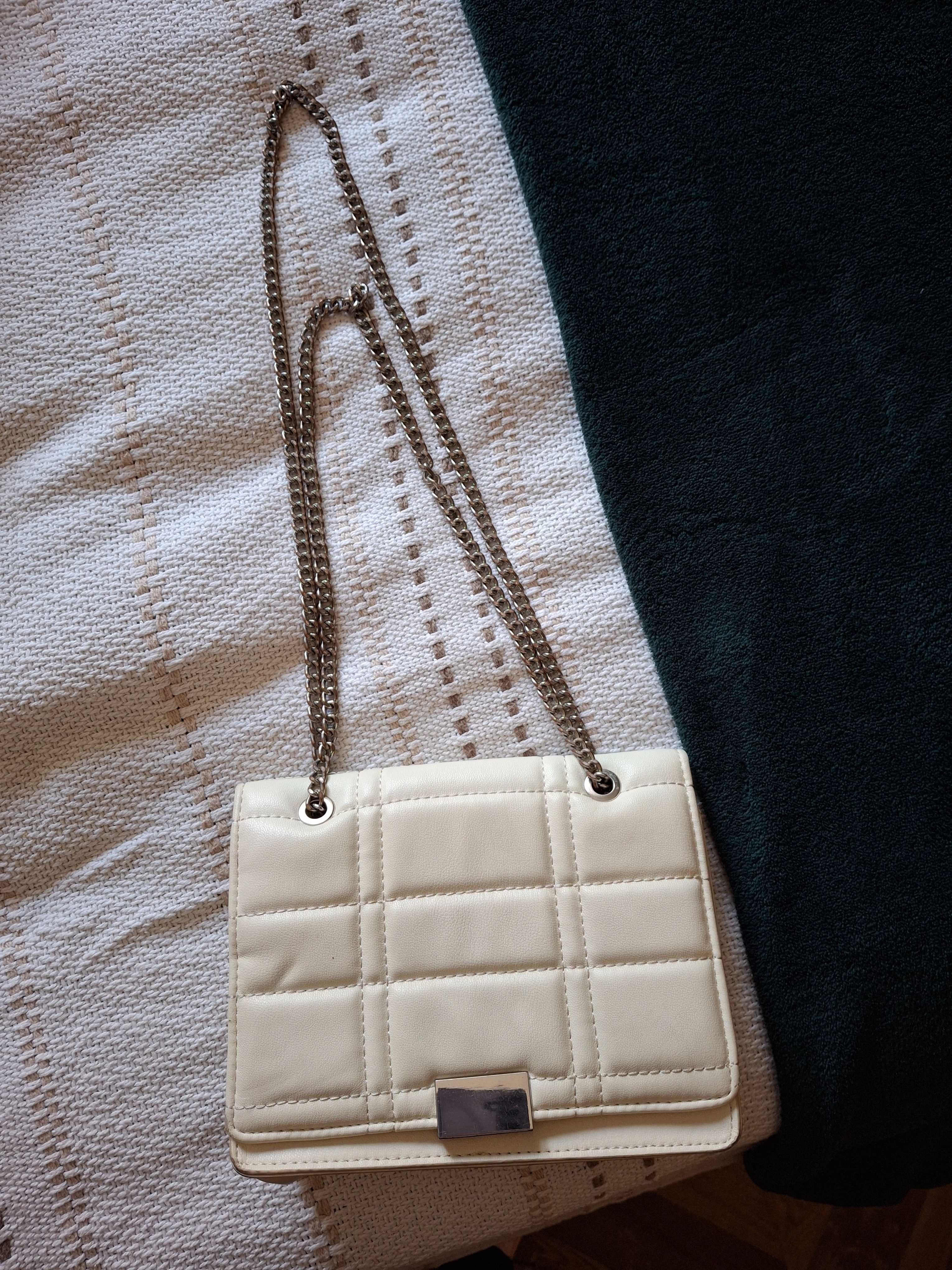 Torebka listonoszka Pull&Bear
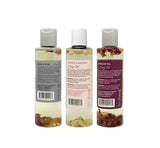 Olivia Care Body Oil Trio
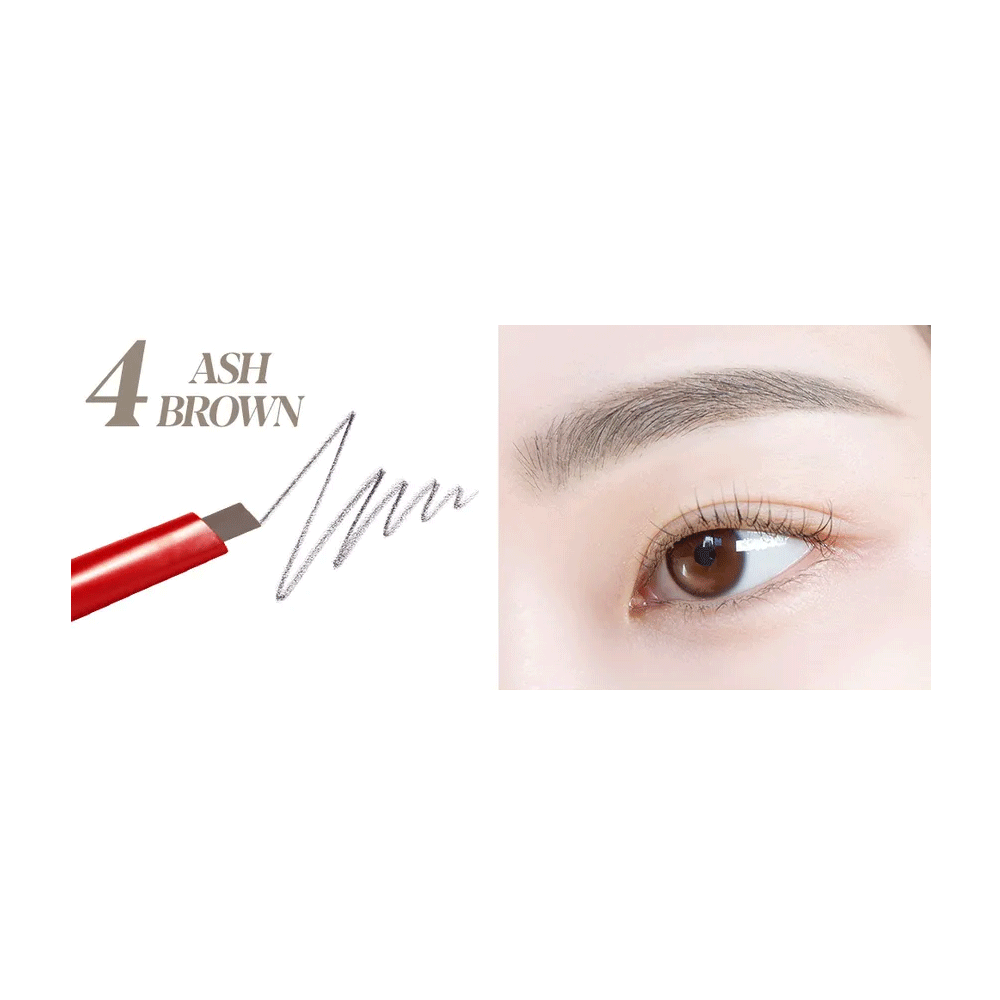 espoir The Brow Balance Pencil 0.1g - 6 Colors – espoir | ClozArt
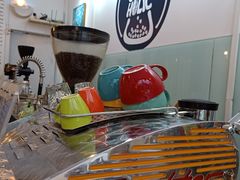 -COFFEE HOLIC(朝外SOHO店)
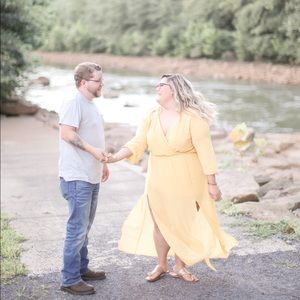 Meet your Posher, Patty Rae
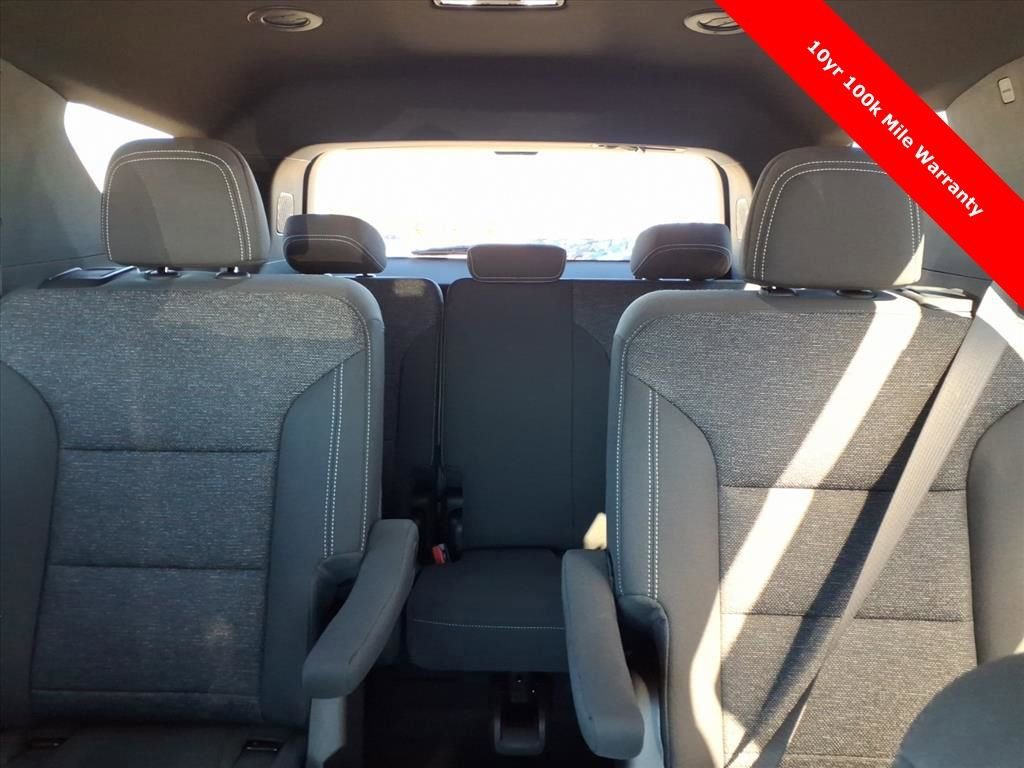 2026 Chevrolet Traverse LT - Photo 16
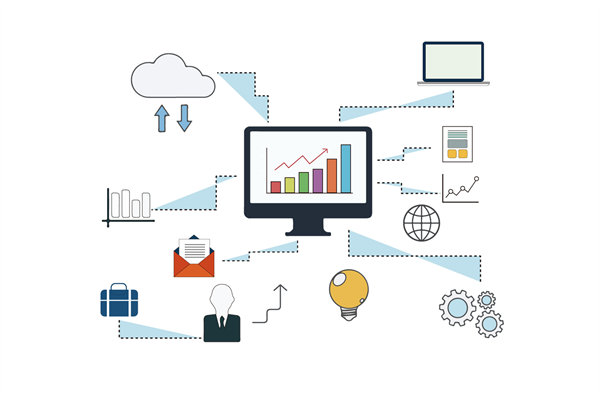 年度經(jīng)營計劃執(zhí)行過程中，如何監(jiān)控進度與效果？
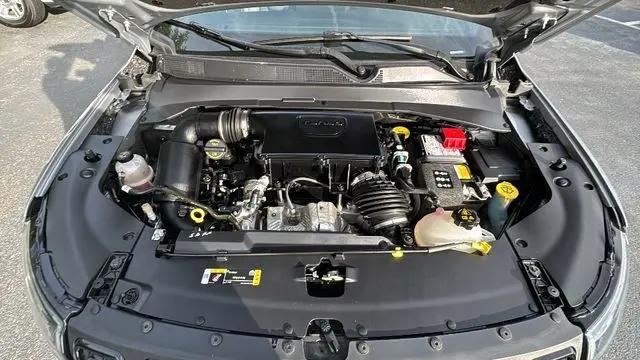 2023 Jeep Compass Altitude 4x4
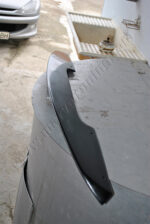 Rear Roof Spoiler VW Polo #202204 - Image 7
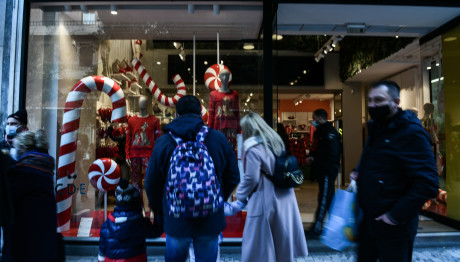 Εορταστικό Ωράριο: Πότε Ξεκινά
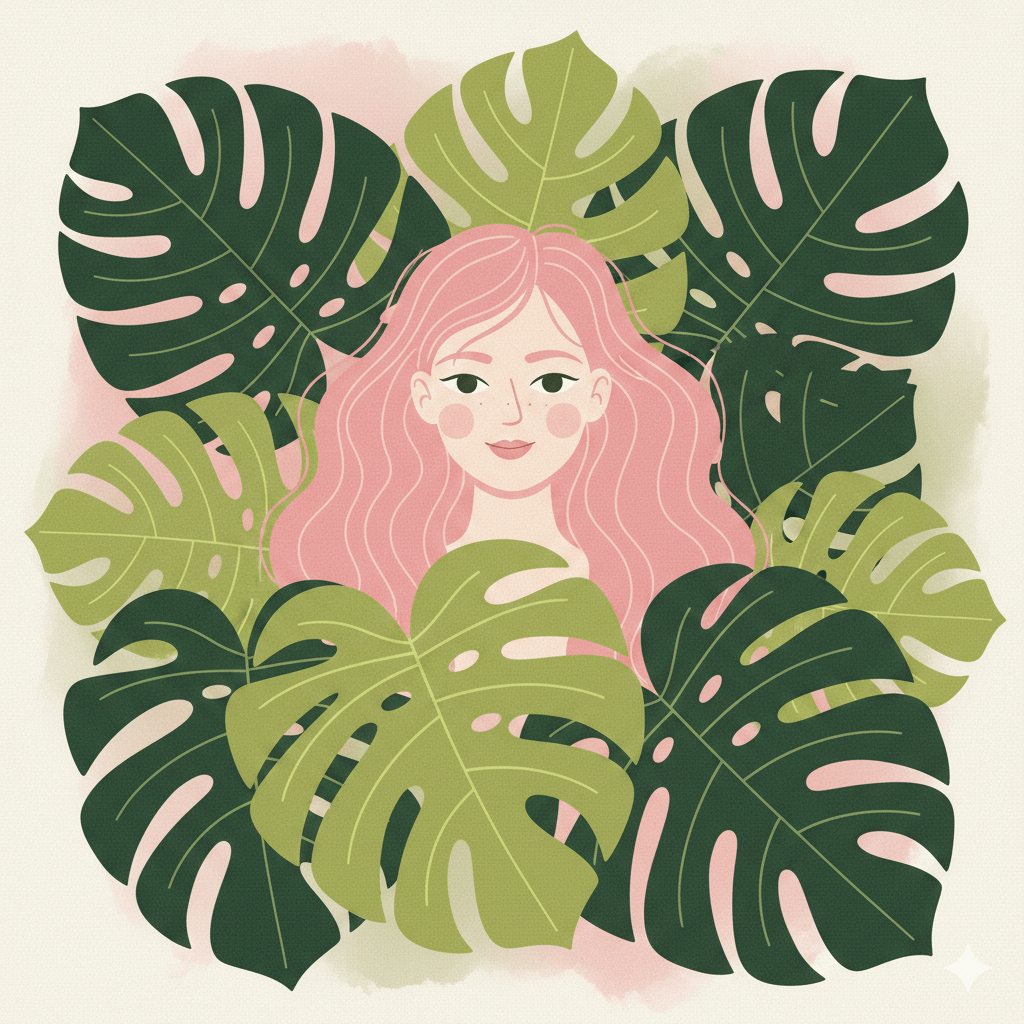 forest girl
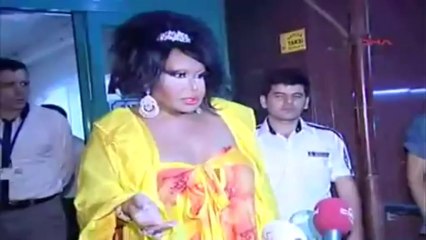 Bülent Ersoy hastanede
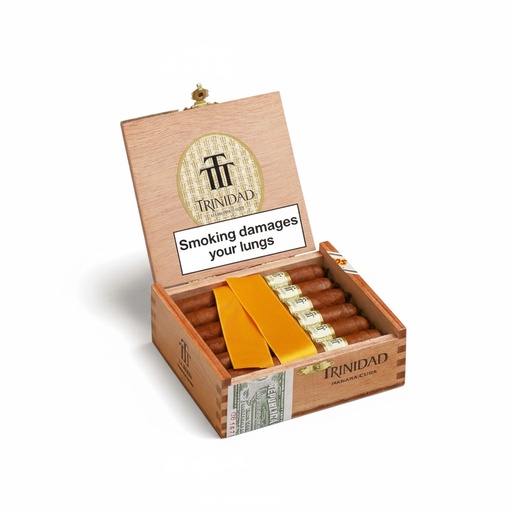 [13612] Trinidad Reyes - Box Of 12 Cigars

::::::

→ Exercise description
Each line from the one holding "年度經(jīng)營計劃執(zhí)行過程中，如何監(jiān)控進度與效果？" through the last line of the records above must be duplicated exactly, and pictures must not be.

→ Written solution
 年度經(jīng)營計劃執(zhí)行過程中，如何監(jiān)控進度與效果？
 2023 Jeep Compass Altitude 4x4
 Rear Roof Spoiler VW Polo #202204 - Image 7
 Εορταστικό Ωράριο: Πότε Ξεκινά
 forest girl
 Bülent Ersoy hastanede
 [13612] Trinidad Reyes - Box Of 12 Cigars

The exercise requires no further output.